# Ocean Race Sails



## HighCs123 (May 9, 2012)

So what's up with the Volvo Ocean Race boats having the Mainsail cropped off at the top batten? I've noticed other Race boats doing the same. 

Just curious


----------



## Stumble (Feb 2, 2012)

Are you looking at a picture of them reefed, or referring to the square head main?


----------



## overbored (Oct 8, 2010)

The sail is not cropped off but has more sail area than a pin head by the addition of the Gaff batten. more sail area is faster. more sail area up high where the wind is. With a standard pin head, the top portion does not do much. off the wind racers gain a lot with a square head sail


----------



## HighCs123 (May 9, 2012)

After a Google search of square head main, this is exactly what I was looking for. I wasn't familiar with that term before. There's plenty of reading on the subject.


----------



## albrazzi (Oct 15, 2014)

HighCs123 said:


> After a Google search of square head main, this is exactly what I was looking for. I wasn't familiar with that term before. There's plenty of reading on the subject.


We all want them, just wont work on regular boats, running backstays as well as lots of other fancy rigging needed. They are cool looking.
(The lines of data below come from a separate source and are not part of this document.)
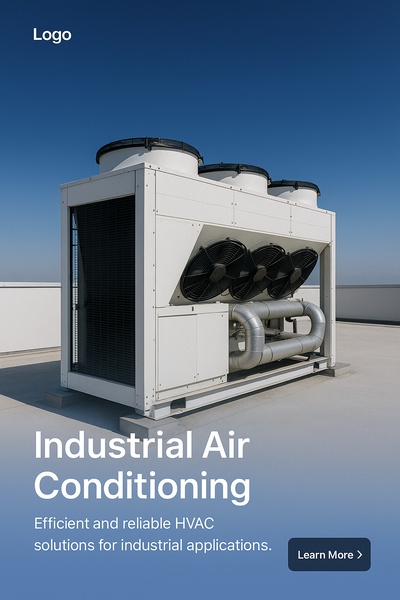 Large Industrial Air Conditioning Unit on Roof Under Blue Sky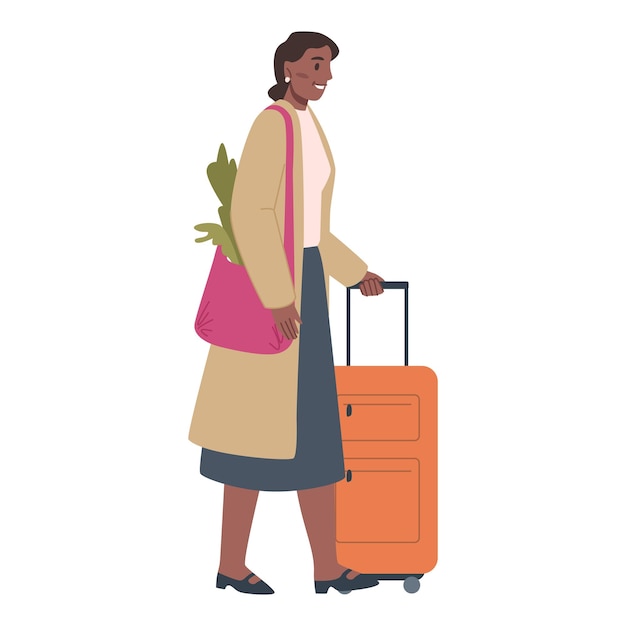 Vector woman with luggage going on trip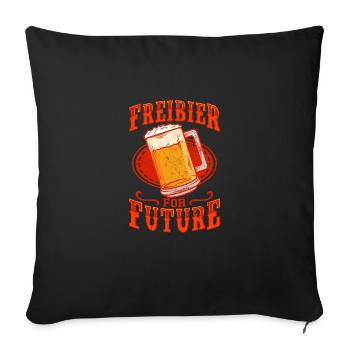Biertrinker Freibier For Future - Sofakissenbezug 45 x 45 cm - Schwarz - Vorne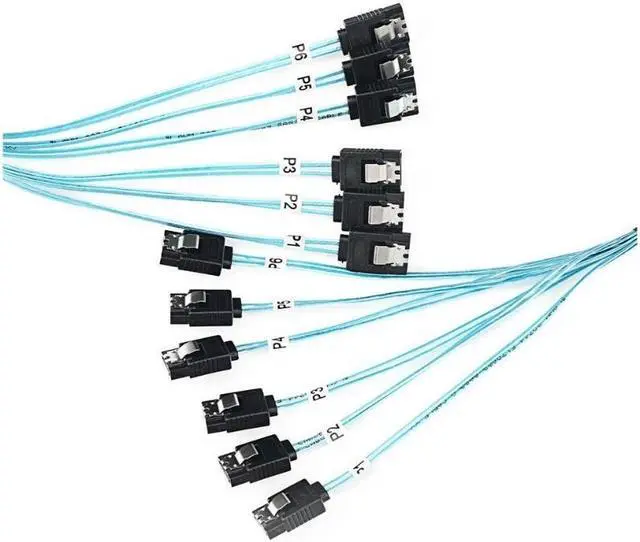 Alt view image 3 of 7 - CableDeconn High Speed 6Gbps 6pcs Set Sata 6 SATA Cable SAS Cable for Server 1M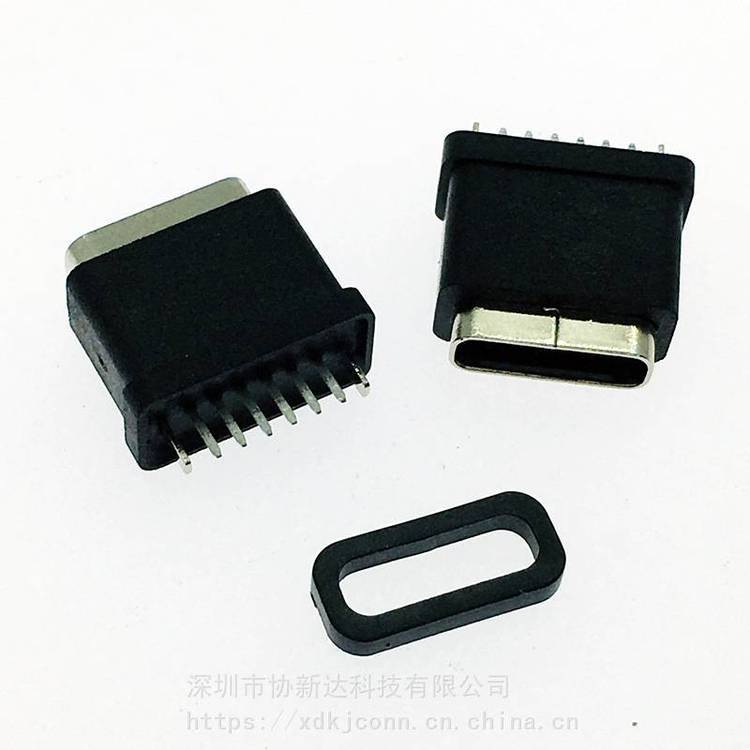 TYPEC立式直插防水母座USB3.1直立式DIP防水插座6PIN立式180°插板防水插座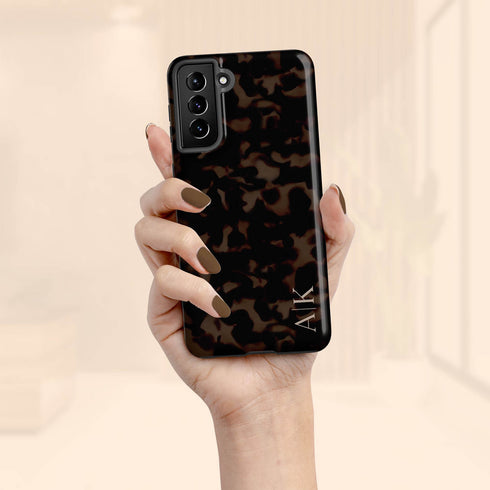 Dark Tortoiseshell Custom Initials Galaxy Case - Vertical
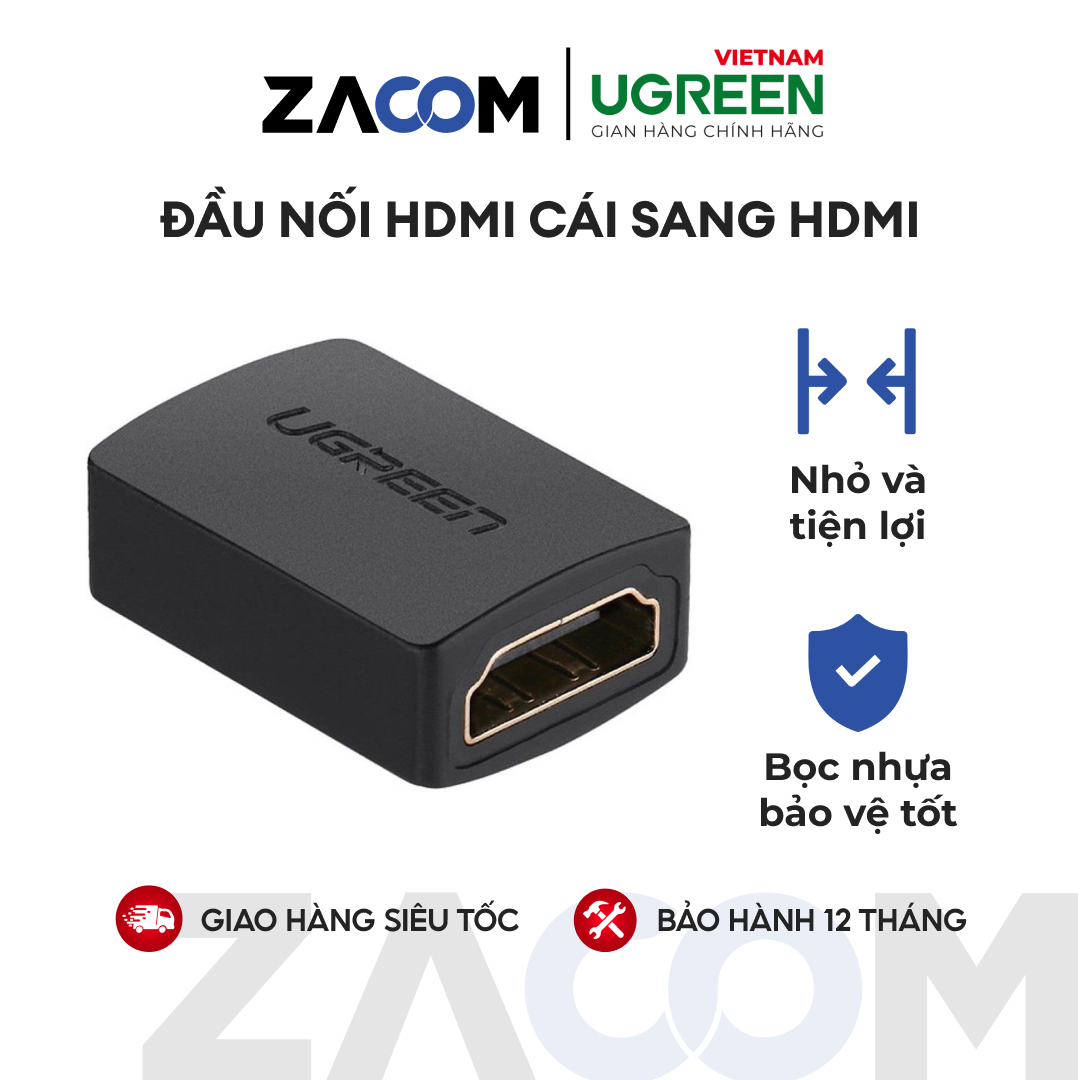 [HCM]Đầu nối HDMI cái sang HDMI cái UGREEN 20107 (màu đen)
The best we can do is add as much leech as possible when ordering a new main.


----------



## aeventyr60 (Jun 29, 2011)

Some boats with a bit more "roach" to the main:
https://www.google.co.th/search?q=r...0ahUKEwi-9PP4x-HNAhXLpY8KHSXMD_gQsAQIIQ&dpr=1


----------



## RichH (Jul 10, 2000)

The 'pointy top' of a triangular shaped sail has been known for many years to produce extreme parasitic drag; the 'pointy top' produces a large 'rotor' of turbulence/drag instead of 'lift'. The 'removal' of the pointy top increases overall sail aerodynamic efficiency. 
This is the exact same reason that modern aircraft use 'winglets' on the tips of their wings - to reduced that 'rotor'. And yes, 'winglets' are being experimented with on 'flat top' mainsails (and jibs, too). 
Birds use flexible & separated primary feathers at the 'tips' of their wings to accomplish the exact same thing. Nature is about 15 steps ahead of sail designers.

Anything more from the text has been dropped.